En paralelo, el gobierno actuó como una fuerza política que combatió a la oposición y, desde luego, al PRI con la intención de desarticularlo y de inducir su derrota en las elecciones locales, como claramente quedó demostrado en Sonora, Sinaloa y Campeche, donde cooptó a los gobernadores que fueron derrotados, y quienes encontraron clara recompensa mediante cargos que les fueron concedidos en el servicio exterior mexicano.
Las acciones y permanencia de la dirigencia nacional del PRI fueron combatidas ferozmente desde fuera e incluso desde dentro; algunos con posturas que merecen un amplio debate, pero otras con la impostura de ver afectadas sus expectativas, a pesar de haber obtenido beneficios a través de las candidaturas que obtuvieron en el escenario catastrófico de 2018, cuando se multiplicaron desaciertos graves para conducir al partido, integrar a su dirigencia, formular estrategias y generar una dinámica de auténtica competencia política.
Las renuncias orquestadas que se han presentado y que destacadamente involucran a algunos y algunas de los que fueron privilegiados para arribar al Senado de la República en el 2018, encuentran su explicación en ese contexto y, por eso mismo, merecen el más amplio repudio.

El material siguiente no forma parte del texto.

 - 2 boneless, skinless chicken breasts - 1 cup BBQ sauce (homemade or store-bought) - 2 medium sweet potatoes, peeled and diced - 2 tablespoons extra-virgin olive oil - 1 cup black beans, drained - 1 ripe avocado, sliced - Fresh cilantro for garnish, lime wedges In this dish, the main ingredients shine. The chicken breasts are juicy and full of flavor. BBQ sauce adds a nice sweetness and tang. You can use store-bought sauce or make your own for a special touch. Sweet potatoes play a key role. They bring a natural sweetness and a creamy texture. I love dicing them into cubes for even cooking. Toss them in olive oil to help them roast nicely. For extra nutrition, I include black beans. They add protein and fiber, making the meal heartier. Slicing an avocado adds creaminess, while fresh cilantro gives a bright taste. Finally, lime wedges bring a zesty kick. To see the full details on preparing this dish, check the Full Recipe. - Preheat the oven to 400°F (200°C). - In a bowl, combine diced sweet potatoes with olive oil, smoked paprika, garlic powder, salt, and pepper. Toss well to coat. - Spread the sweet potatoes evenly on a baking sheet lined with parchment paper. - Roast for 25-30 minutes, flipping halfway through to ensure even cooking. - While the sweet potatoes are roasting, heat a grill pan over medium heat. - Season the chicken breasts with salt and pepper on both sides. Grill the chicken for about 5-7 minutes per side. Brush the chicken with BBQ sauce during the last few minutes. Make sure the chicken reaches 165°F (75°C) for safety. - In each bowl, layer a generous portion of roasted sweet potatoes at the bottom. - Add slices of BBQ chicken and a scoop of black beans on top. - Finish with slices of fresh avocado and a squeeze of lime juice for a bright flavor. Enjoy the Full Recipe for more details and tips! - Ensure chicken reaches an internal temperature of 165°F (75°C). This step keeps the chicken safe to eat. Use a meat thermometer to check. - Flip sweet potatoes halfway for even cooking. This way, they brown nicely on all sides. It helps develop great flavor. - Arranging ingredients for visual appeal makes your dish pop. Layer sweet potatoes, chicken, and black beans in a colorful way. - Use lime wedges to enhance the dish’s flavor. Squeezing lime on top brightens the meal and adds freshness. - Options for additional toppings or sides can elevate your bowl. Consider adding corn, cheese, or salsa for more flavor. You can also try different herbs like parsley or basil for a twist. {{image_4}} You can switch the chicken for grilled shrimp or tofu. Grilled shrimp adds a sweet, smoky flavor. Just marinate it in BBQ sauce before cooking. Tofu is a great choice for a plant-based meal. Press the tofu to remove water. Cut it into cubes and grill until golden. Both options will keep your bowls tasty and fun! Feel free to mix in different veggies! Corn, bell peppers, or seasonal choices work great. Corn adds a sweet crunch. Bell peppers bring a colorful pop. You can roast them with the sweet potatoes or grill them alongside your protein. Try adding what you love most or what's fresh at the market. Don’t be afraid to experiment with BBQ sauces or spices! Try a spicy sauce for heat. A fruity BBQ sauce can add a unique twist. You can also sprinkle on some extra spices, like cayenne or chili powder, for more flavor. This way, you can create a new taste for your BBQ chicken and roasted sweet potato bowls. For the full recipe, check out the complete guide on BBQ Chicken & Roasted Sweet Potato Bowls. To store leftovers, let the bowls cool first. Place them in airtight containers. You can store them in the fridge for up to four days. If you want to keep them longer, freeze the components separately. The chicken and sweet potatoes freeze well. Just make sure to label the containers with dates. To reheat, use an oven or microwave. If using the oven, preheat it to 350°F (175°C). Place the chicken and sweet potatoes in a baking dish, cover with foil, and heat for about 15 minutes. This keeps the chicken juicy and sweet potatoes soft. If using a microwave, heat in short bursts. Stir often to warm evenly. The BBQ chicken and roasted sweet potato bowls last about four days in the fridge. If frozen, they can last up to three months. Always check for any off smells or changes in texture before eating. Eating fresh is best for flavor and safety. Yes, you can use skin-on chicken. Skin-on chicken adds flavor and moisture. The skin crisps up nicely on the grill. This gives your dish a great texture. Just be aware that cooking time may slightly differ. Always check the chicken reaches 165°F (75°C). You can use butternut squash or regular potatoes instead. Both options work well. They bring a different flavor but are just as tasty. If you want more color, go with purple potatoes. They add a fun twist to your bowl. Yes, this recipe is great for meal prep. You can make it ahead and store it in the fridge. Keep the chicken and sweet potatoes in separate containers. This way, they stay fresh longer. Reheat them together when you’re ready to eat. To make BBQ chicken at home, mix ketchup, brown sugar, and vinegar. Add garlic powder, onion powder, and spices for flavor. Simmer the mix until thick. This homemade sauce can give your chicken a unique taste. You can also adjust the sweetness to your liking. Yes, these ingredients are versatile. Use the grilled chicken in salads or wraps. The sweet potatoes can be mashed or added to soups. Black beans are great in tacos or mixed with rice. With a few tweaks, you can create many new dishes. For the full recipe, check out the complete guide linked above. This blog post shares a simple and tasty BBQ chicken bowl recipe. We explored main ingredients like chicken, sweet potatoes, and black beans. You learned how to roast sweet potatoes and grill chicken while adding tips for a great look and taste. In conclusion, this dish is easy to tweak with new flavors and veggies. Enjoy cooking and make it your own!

Se orquestaron para infringir daño, en un momento donde el PRI se encamina exitosamente para formar un gran Frente por México y desde ahí construir una candidatura opositora a la presidencia de la república en alianza con el PAN y el PRD; se presentan de forma acordada y para vulnerar al partido en el que militaron y del cual obtuvieron grandes beneficios; exhiben que su militancia tuvo un sentido utilitario y que la culminan cuando el rendimiento que les ofrecía declinó.
La crítica que pretenden infringirle al PRI y a su dirigencia, evade la autocrítica que debieran, por principio, hacer respecto de su propio actuar. Si el saldo que realizan a los primeros es negativo, el que se puede practicar hacia ellos mismos es brutalmente reprobatorio; personifican y estelarizan mucho de lo que debe deslindarse del partido.